3. Kunt u uit de voorhanden schilfers opmaken of de aanvankelijk door Van der Horst aangebrachte coating al dan niet goed hechtte?
4. Welke andere feiten of omstandigheden, gebleken uit het onderzoek, kunnen van belang zijn voor een goed begrip van de zaak?

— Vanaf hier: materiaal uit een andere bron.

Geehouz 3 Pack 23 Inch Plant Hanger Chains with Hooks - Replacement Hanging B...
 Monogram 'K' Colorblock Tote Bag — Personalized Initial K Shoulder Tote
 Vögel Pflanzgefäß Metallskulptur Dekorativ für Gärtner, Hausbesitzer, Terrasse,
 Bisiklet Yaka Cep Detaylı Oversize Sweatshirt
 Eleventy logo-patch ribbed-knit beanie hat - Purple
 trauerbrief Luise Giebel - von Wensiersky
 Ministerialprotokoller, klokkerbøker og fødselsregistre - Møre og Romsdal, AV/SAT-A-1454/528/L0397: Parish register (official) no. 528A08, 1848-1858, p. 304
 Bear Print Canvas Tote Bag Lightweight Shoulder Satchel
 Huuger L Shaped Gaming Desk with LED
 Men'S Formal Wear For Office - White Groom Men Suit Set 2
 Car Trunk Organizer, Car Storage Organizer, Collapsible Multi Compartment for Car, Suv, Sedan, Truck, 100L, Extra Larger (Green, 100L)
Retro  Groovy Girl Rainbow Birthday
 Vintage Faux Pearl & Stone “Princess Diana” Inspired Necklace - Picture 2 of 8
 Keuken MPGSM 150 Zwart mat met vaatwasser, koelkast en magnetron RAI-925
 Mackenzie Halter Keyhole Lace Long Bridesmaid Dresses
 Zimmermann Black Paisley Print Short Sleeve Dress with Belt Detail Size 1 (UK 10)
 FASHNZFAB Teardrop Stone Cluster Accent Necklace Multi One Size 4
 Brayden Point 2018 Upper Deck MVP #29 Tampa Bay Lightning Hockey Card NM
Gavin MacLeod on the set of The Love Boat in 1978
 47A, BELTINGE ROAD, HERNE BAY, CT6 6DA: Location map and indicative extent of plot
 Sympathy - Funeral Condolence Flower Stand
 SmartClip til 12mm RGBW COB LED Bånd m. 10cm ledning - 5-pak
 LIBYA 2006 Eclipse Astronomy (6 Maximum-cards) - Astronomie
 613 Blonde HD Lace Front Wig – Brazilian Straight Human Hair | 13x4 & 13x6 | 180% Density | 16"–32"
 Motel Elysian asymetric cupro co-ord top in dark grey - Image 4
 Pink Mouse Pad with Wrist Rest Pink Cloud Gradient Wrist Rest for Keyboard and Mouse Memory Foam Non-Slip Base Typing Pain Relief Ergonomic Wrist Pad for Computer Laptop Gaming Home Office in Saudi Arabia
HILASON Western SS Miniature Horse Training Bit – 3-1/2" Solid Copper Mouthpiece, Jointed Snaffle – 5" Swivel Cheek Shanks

benoemt tot deskundige om dit onderzoek te verrichten:
R. van der Kaaden, specialist coatings, werkzaam bij TÜV Rheinland Nederland B.V., Postbus 6235, 5600 HE Eindhoven, telefoon 088-8887888, fax 040-2650302, mobiel
06-53725341,
bepaalt dat de griffier een kopie van dit vonnis aan de deskundige zal toezenden,
bepaalt dat Waterschap binnen twee weken na datum van dit vonnis (kopieën van) de overige processtukken aan de rechtbank Sector civiel, roladministratie, Postbus 9030, 6800 EM Arnhem zal doen toekomen,
bepaalt dat Waterschap binnen twee weken na datum van dit vonnis als voorschot op de kosten inclusief omzetbelasting van de deskundige € 8.000,-- ter griffie van deze rechtbank dient te deponeren door dit bedrag over te maken op rekening nummer 56.99.90.548 ten name van MvJ arrondissement Arnhem onder vermelding van het rolnummer en de namen van partijen,
bepaalt dat de griffier onmiddellijk na betaling van dit voorschot de deskundige hiervan in kennis zal stellen en dat de deskundige pas dan met het onderzoek behoeft te beginnen,
bepaalt dat de deskundige binnen twee weken nadat hij bericht heeft gekregen dat het voorschot is gedeponeerd met de partijen een afspraak moet hebben gemaakt voor een datum en tijdstip waarop het onderzoek zal plaatsvinden en die datum aan de rechtbank moet hebben doorgegeven, tenzij een dergelijke afspraak vanwege de aard van het onderzoek naar het oordeel van de deskundige niet nodig is,
bepaalt dat indien een partij of de deskundige de aldus afgesproken datum voor het onderzoek wil wijzigen, die partij of de deskundige daartoe een schriftelijk gemotiveerd verzoek moet doen aan de griffie van de rechtbank, met afschrift aan de andere betrokkenen,
bepaalt dat de deskundige zich met vragen over het onderzoek kan wenden tot de rechter mr. S.C.P. Giesen,
bepaalt dat de deskundige bij het onderzoek de partijen in de gelegenheid moet stellen opmerkingen te maken en verzoeken te doen, en dat de deskundige in het schriftelijk bericht moet doen blijken of aan dit voorschrift is voldaan, onder vermelding in dat bericht van de eventueel gemaakte opmerkingen en/of gedane verzoeken,
bepaalt dat de deskundige een schriftelijk en ondertekend conceptrapport zal inleveren ter griffie van deze rechtbank voor 1 april 2011, waarna schriftelijk nadere instructies van de rechtbank zullen volgen over de indiening van het definitieve rapport en de declaratie van de deskundige,
verwijst de zaak naar de rolzitting van vier weken na de datum waarop het definitieve rapport ter griffie is ingeleverd voor het nemen van een conclusie na deskundigenbericht aan de zijde van Waterschap of voor bepaling datum vonnis,
in conventie en in reconventie
bepaalt dat de partijen zich op bovenvermelde rolzitting bij conclusie of bij akte uitlaten over hetgeen is vermeld onder rechtsoverweging 5,
houdt iedere verdere beslissing aan.
Dit vonnis is gewezen door mr. S.C.P. Giesen en in het openbaar uitgesproken op 1 december 2010.